HHS MULLS CUTS AS PART OF RESCISSION PACKAGE — A month after Congress gave the Department of Health and Human Services a $10 billion bump in its annual budget, the Trump administration is telling the agency to find places to pare back, POLITICO's Adam Cancryn reports. Senior HHS officials are coordinating with OMB Health Programs Associate Director Joe Grogan to draw up a menu of cuts as part of a rescission package that could slash as much as $60 billion overall from the omnibus spending bill Republicans only just passed, a source familiar with the discussions told POLITICO.
HEALTH CARE PRICES ARE RISING AT FASTEST LEVEL IN YEARS — POLITICO scooped some data from Altarum, which found that prices have risen 2.2 percent since March of last year, the fastest annual growth rate since January 2012. The big driver of price growth: Hospitals. Altarum found that hospital prices have been annually growing at nearly 4 percent, the highest level in eight years.

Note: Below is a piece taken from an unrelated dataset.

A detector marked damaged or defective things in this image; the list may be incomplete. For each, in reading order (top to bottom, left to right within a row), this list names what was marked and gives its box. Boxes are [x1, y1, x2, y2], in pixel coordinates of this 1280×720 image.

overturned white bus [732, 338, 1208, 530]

BAD BILLING — Nearly one-third of Medicare billing claims for telehealth were improperly submitted in a random sample described today in an HHS Office of Inspector General report.
SLEEP PROBLEMS — Black Americans don't sleep as well as white Americans. That's a problem, reports Vox.
TODAY'S TIP — Comes from NYC Health + Hospitals. Today is National Health Care Decisions Day. Here are some thoughts on choosing a health care proxy.
NO BETTER THAN PLACEBO — Oral omega-3 is no better than a placebo in relieving signs and symptoms of dry eye disease, according to a study from Mount Sinai researchers published in the New England Journal of Medicine.